To do
Within the entries below, output exactly the lines between the line containing "Computer Mouse, Power Wire, Extension Cord" and the line containing "Bananza Bros. Coussin", inclusive, and omit any picture.

Provided material
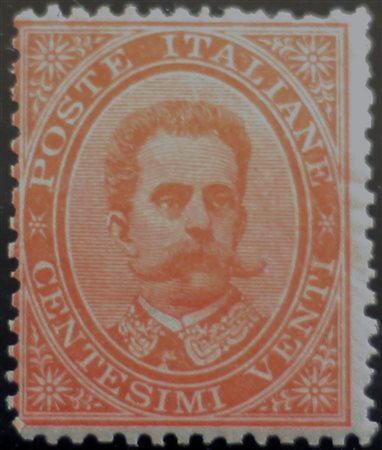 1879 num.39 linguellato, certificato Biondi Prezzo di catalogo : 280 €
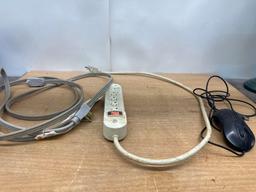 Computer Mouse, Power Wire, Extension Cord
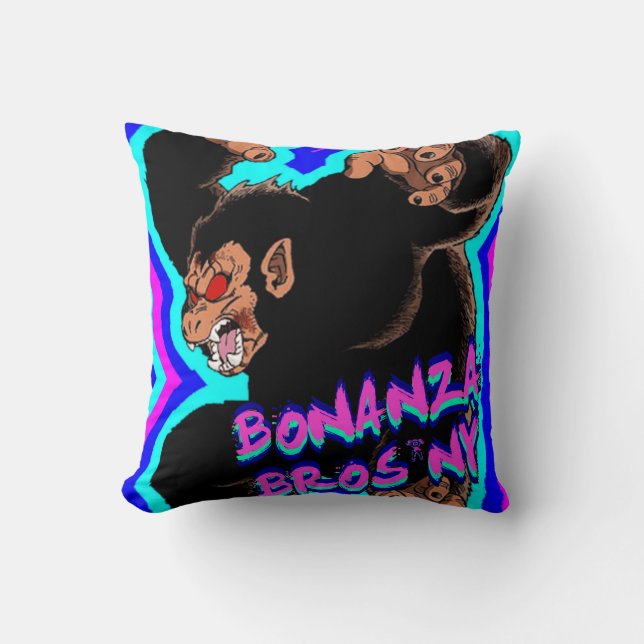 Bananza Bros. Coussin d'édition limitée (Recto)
--
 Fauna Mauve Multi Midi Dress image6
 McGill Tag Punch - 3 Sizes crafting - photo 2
---
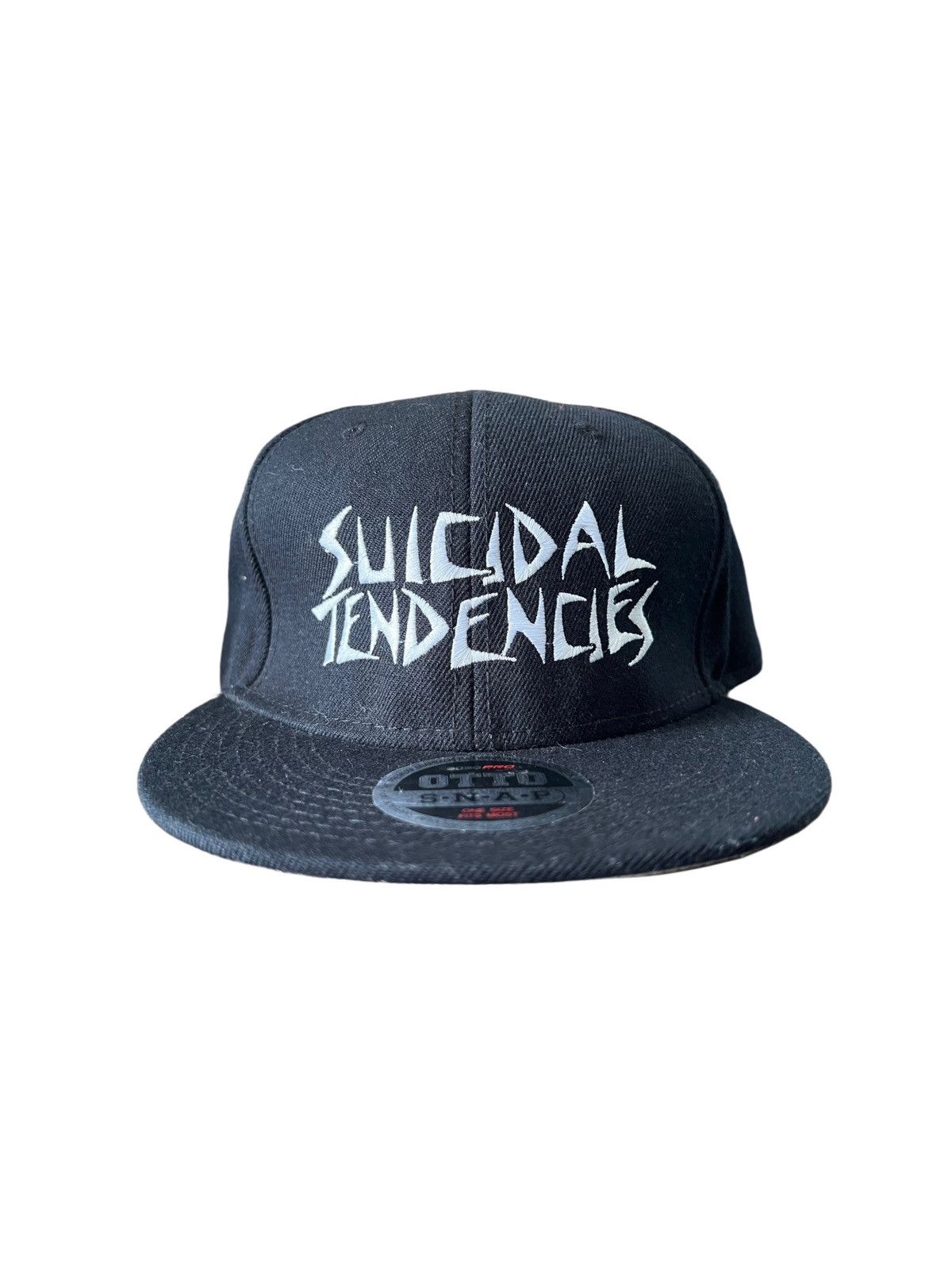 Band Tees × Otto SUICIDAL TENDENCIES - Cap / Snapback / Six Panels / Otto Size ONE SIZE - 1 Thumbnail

Completed exercise
 Computer Mouse, Power Wire, Extension Cord
 Bananza Bros. Coussin d'édition limitée (Recto)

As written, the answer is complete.